80'lerde altın zincir modası vardı. gömleğin üstten üç düşmesi açılır ve özenle uzatılmış göğüs kıllarının süslemek için bu nesne takılırdı. üstelik o zincirler altın da değildi. bildiğin imitasyondu.

bin kere gidip gelirsen iki kere boşalırsın..

osman cavcı diye bir eleman vardı eskiden. star'da zeki-metin filmlerinin coverlarında oynamıştı. vay be..

öğretmen çocuklarının çoğu ukala olur. herhangi biriyle 10 dakika takılın, ne demek istediğimi rahat rahat anlarsınız.
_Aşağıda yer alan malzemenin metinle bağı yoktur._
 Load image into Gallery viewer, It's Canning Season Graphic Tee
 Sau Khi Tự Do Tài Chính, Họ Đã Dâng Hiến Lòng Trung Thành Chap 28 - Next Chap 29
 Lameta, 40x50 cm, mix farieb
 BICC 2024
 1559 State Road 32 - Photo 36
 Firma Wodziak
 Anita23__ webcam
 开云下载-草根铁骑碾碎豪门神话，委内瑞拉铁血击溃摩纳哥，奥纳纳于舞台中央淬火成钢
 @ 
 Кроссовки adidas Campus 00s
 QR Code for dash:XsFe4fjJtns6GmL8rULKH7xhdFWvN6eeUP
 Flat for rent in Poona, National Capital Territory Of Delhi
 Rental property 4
bal dediğimiz gıda, arı kusmuğudur.

8 Ekim 2012 Pazartesi

taken 2


filmin konusu kısaca şöyle;

"amerika'da ehliyet mi almak istiyorsunuz? önce istanbul'da araba kullanın, bunu başarabilirseniz ehliyetinize kavuşursunuz."

sonra istanbul çekim mekanları birebir fay grim'den alınmış gibi. inanın bana, ben bile gitmedim o yerlere ve o çatılarda hiç yürümedim(!). üstelik yürürken sağa sola bomba da atmadım. taksiciden taksisini çalmaya kalksam amerikan elçiliğe gelmeden onlar beni öldürürdü. o amerikan elçilik sahnesi ise başka bir bomba. amerikan askerleri uçaksavarla ateş ettiler mercedes taksiye ve ölmediler. bizim yollarda ben hiç mercedes taksi görmedim. aklıma geldi birden, o neydi lan öyle, serçeden türk polis otosu yapmışlar. hem, her yerde türk bayrağı, 29 ekimde mi çektiler bu filmi anlamadım.
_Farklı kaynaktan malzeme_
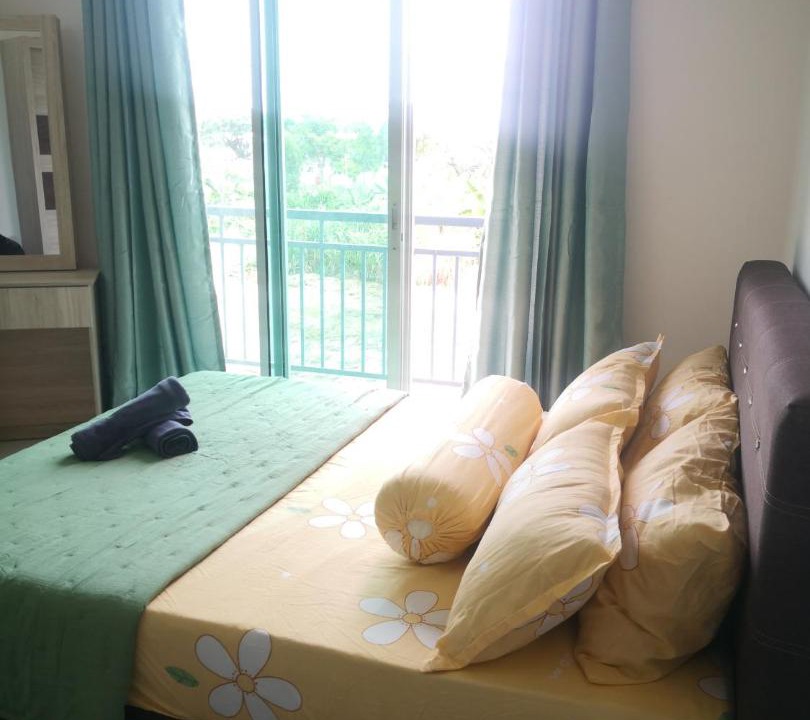 Photo of Bedroom in Seri Manjung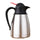 Duck Mouth Ordinary Thermo Jug Stainless Steel Kettle 1.2L ordinary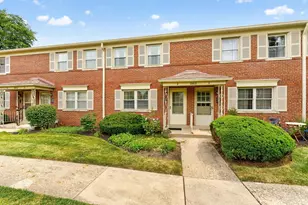 1866 Northwest Blvd, Columbus, OH 43212 - Photo 1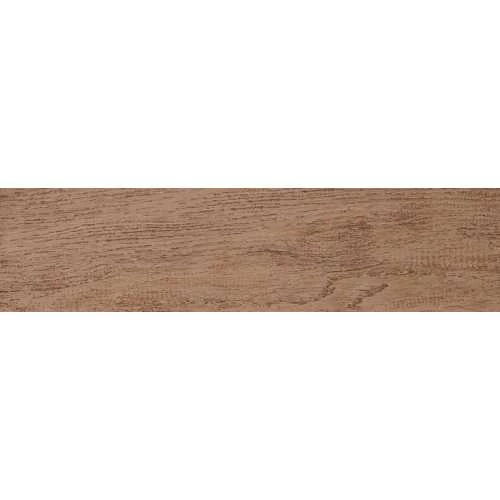 Керамогранит Estima Taste TS04 Неполированный Ректифицированный 23868 60х15 см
ve ayrıca, bak kardeşim, bizim yaptığımız tokiler var, müthiş binalar bunlar. sen niye kırık dökük binalarımızı gösteriyorsun. tüm kadınlarımız da kapalı bu arada. numunelik bir tanede şöyle bir sarışınımızı koysaydın ya..
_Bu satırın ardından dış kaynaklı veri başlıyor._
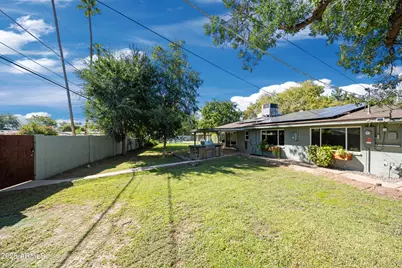 2007 E Rancho Drive, Phoenix, AZ 85016 - Photo 48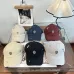 Chrome Hearts  AAA+ hats &amp; caps #B67757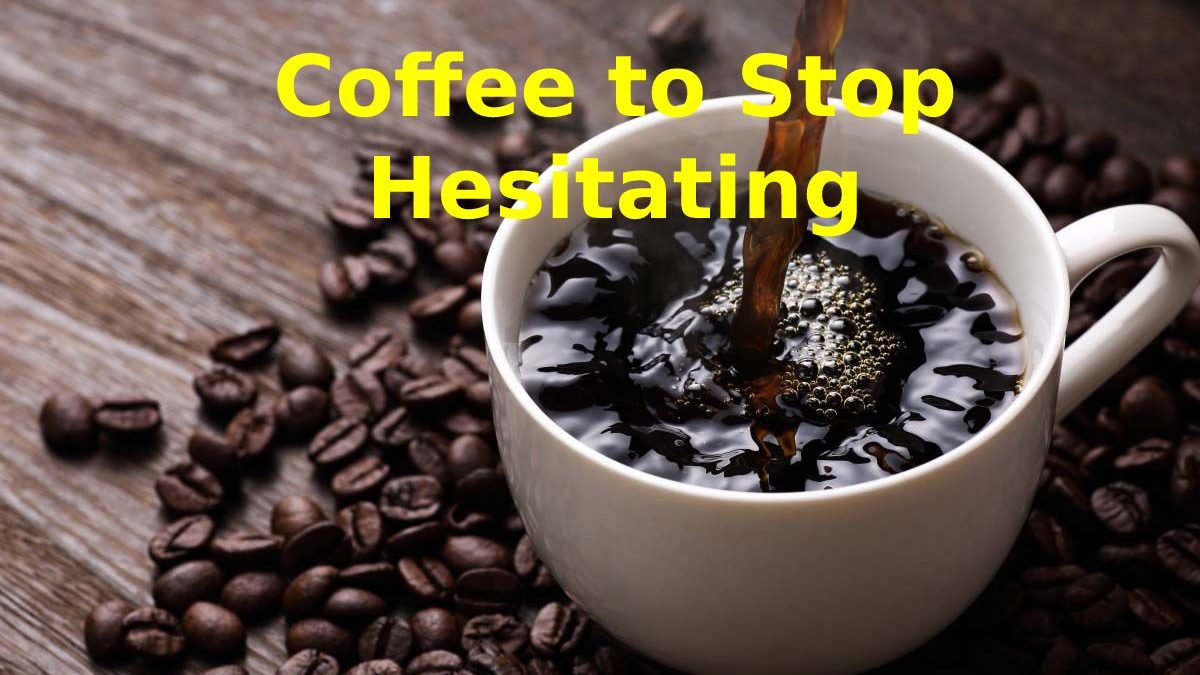 9 Different Types of Coffee to Stop Hesitating [2023]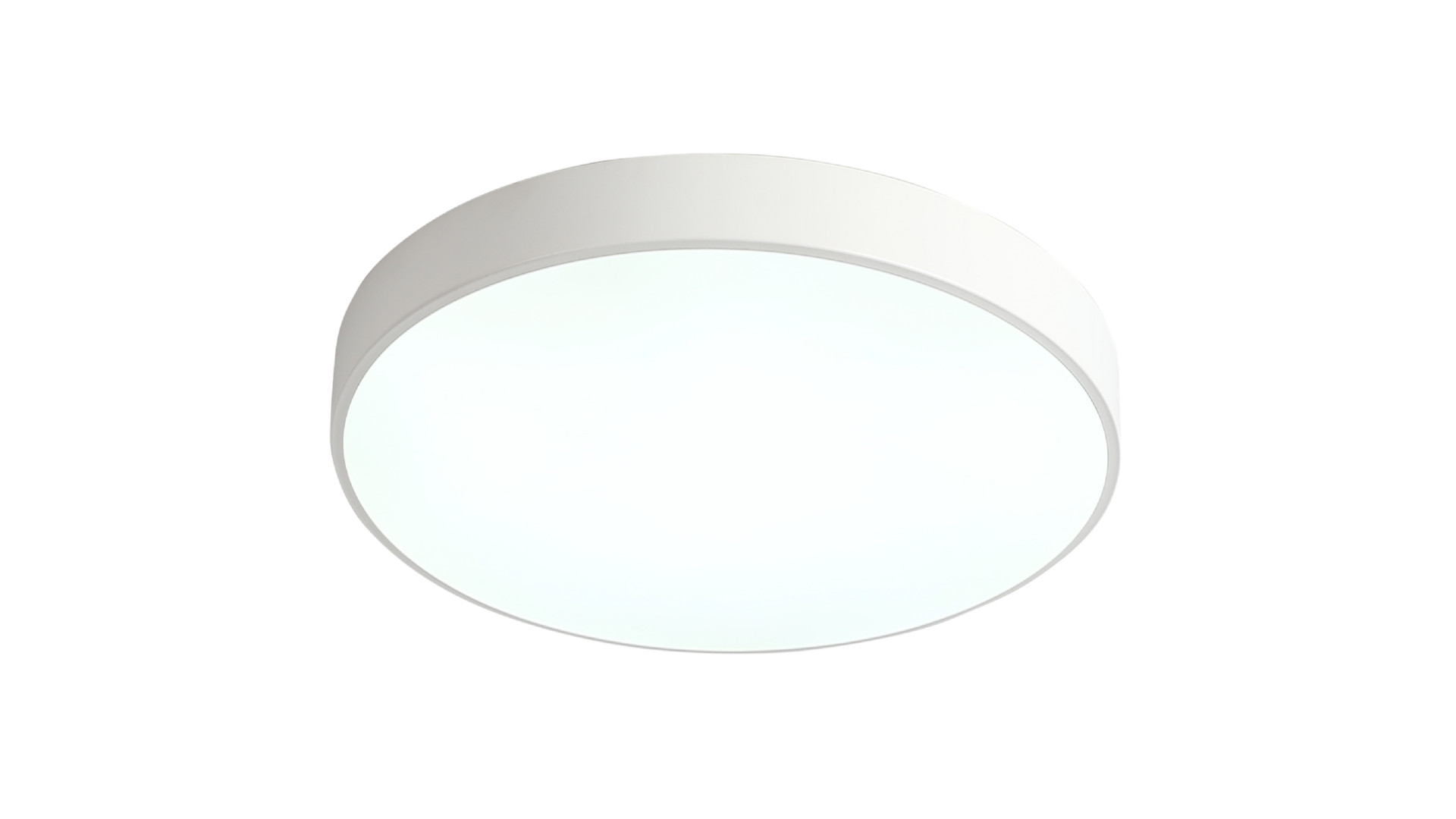Потолочный светильник Zortes Tortty ZRS.02564.72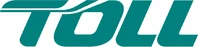 Toll logo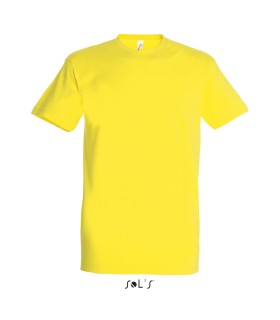 T-shirt homme manches courtes personnalisable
cengiz bozkurt'un(erdal bakkal) hastasıyım..

son olarak; ilk film harbiden güzeldi. bu film çok klişeye boğulmuş ve gereksiz.. ve en büyük cimbom..

5 Ekim 2012 Cuma

zooey deschanel vs michelle williams


şimdi arkadaş bu iki hatun gözüme hep güzel görünüyor. oysa tipleri farklı. gerçi ikisi de 80 doğumlu. neyse,  zooey kocaman gözlü ve gözleri o kadar kocaman ki inanılmaz. sanki gözlerini hep büyük göstermek için çabalıyor. malum, renkli gözler, hele onun gibi renkli gözler pek revaçta. üstelik bir otistik gibi duruyor. hareketleri çok sabit. filmlerinde de aynı. duruşu, bakışı değişmiyor. yavru kedi ya hu, ama allah için güzel hatun. zaten eski bi sevgilime benziyor.  michelle ise başka. o da gözlerini kısmayı seviyor. kendisine öyle seksilik veriyor. biraz kışkırtıcı. kızıl, esmer, sarışın tüm saç stilleri de hatuna gidiyor. çok beyaz tenli. sanki hep şemsiye ile dolaşmış kadar beyaz tenli. ikisinin de burunları aynı estetik cerrahtan çıkmış gibi. bu iki birbirine pek fazla benzemez hatunu neden beğendiğimi düşünüp dururken en sonunda fark ettim. sebebi yanaklar. müthiş hoş, pamuk gibi, yumuşacık, öpülesi, ısırılası, makas alınası yanaklara sahipler. valla bak..


4 Ekim 2012 Perşembe

yine "HAYIR"




hayat çok kısa be ya, ne işiniz var savaşla. gidin evinize, oturun köşenizde, karınızı da dövmeyin, sevin. çocuklarınızı sevindirin. oğlunuza ne kadar yakışıklı olduğunu, kızınıza dünyalar güzelinin yanınızda bulunduğunu ona söyleyin. hem gidip arabanızı tamir ettirin, ama savaşmayı istemeyin..

3 Ekim 2012 Çarşamba

kolpa toplum

bahçeşehir üniversitesi öğretim üyesi ve dünya değerler araştırması derneği (wvsa) yönetim kurulu üyesi profesör doktor yılmaz esmer'in hazırladığı türkiye değerler haritası 2012 gazetelerde yayınlandı. buna göre; 

avrupa'nın tanrı'nın insanların yaşamındaki yerinin en yüksek olduğu toplum türkiye. yaklaşık her üç kişiden biri hem otuz gün oruç tutuyor, hem günde beş vakit namaz kılıyor. ve sonra..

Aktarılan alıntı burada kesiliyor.